— Спасите, дяденьки! Прошу вас!!! Пожалуйста!!!
Свет наверху заметался, и я услышала, как сразу несколько голосов заспорили о том, что надо ли меня вытаскивать, или можно все сделать со мной тут же, в этой яме. Я с ужасом слышала и понимала смысл этих матюгов. Такие, которых раньше старалась не слышать и не запоминать, но смысл, которых был мне слишком хорошо понятен. Особенно от того, что говорили они, если можно эти матюги принять за нормальную человеческую речь, они говорили при этом, что хотели сделать, грязно и мерзко со мной. Потом я услышала.
— Слышишь, ты, шалава! Сейчас мы тебя вытащим, на х… и ты нам за это своей п… заплатишь! Согласна?
— Нет! Что вы! Что вы, дяденьки! Я же еще маленькая, я еще девочка!
А сверху, перебивая меня, уже послышалось такое страшное и неумолимое гоготание.
— Готовь п…., малая. Сейчас мы с тобой разберемся. — Говорил кто-то и старался меня осветить ярким лучом фонаря.
— Слышишь? П… готовь. Что ты плачешь, больно только в первый раз, а потом ничего, привыкаешь. — И заржал, хрипло прерываясь тяжелым, застарелым кашлем.
Следом за ним послышались такие же хриплые смешки и кашель.

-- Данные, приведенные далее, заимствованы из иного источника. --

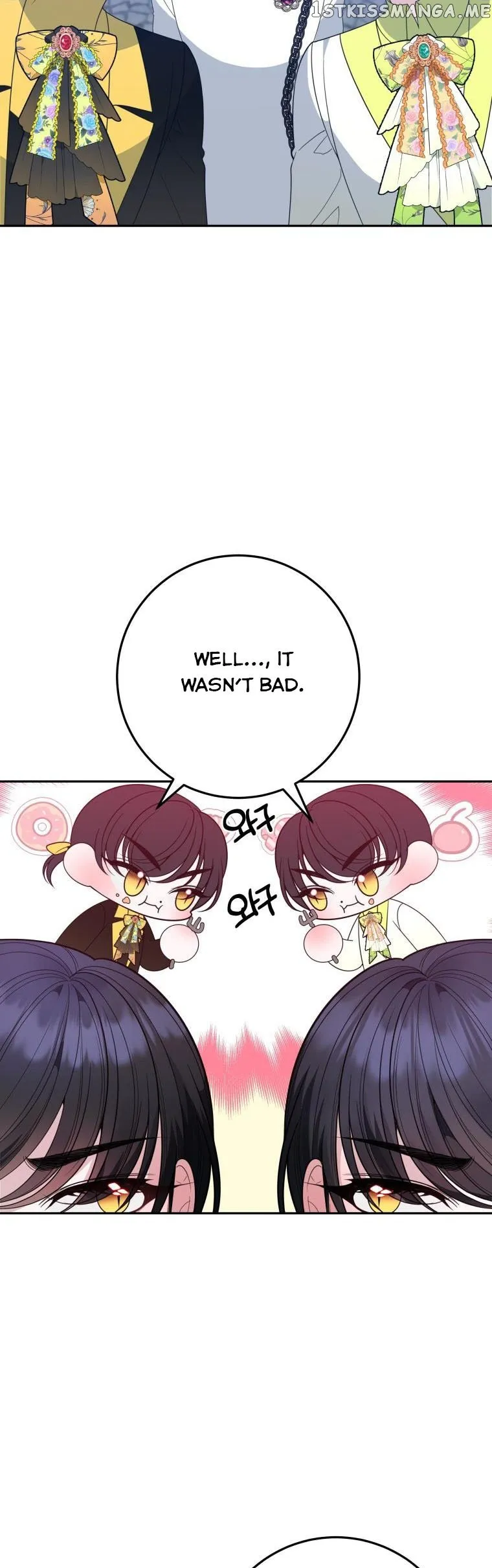 One Step Forward To The Flower Path - Chapter 63 Page 3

Я прижалась к стене, отвернулась и даже не хотела слушать эти их жуткие, грязные нечеловеческие слова о том, что они собираются проделать со мной. Я так испугалась, что почувствовала, что у меня по ногам потекла тоненькая и горячая струйка. А они наверху заспорили. Я не понимала многое из того, что она старались доказать друг, другу, но поняла, что суть их спора обо мне. Кто из них будет первый! Потом я завыла, тоненьким и чуть слышным голоском. Мне так себя стало, жалко и я почувствовала, себя такой беззащитной и брошенной на растерзание им, что меня охватила страшная и леденящая волна ужаса. Еще и от того, что уже кто-то пытался спрыгнуть ко мне. Я оглянулась и увидела, как в проеме, подсвеченным фонарем появилась темная тень чьей-то ноги. Она моталась, искала опору. Сверху действия комментировали. Я не стала ждать и решила действовать, я решила защищаться, поэтому шагнула, схватила за эту вонючую и грязную ногу, торчащую, из вонючего ботинка и что было, сил укусила.
— А…а…а! Сука! Паскуда! Она меня укусила! За ногу, сука укусила! — Заорал тот, чья нога болталась, но тут, же исчез в проеме.
Наверху раздались смех и подначки тому, кто уже пострадал, а потом опять на меня обрушился целый вал грязной и затейливой ругани. Луч фонаря метался, пытался все время освещать меня, а я не давала им этого и быстро скакала в этой тесной яме. Сверху сыпались комментарии по этому поводу и матюги. Страшные угрозы и грязные матюги в мой адрес. И что я такая и раз такая и что я должна, по их мнению, все делать не так, а ждать, пока они меня выедут. Наконец один из них, под смех других что-то там замыслил и следом, я не успела даже уклониться, как на меня полетели противные, вонючие брызги чьей-то мочи. Они загоготали и к слабенькой струйке, что пыталась облить меня, присоединились еще несколько. Я металась, прижималась и отскакивала, но все равно эти вонючие брызги замочили мое платье и попадали на голову, даже на лицо. Наверху надо мной бесновались и гоготали эти ублюдки, но пока они там, понимала я, мне можно еще на что-то надеяться и сопротивляться. Потом кто-то из них проявил свою незаурядную смекалку и сказал, что надо спуститься ко мне по лестнице. Вот тогда-то у меня все и похолодело внутри. Пока они ругались и вспоминали, где им можно было разжиться такой лестницей, я все сильнее понимала, что мне надо спасаться. Спасаться и немедленно. Именно сейчас, потому что, если они спустятся мне не спастись.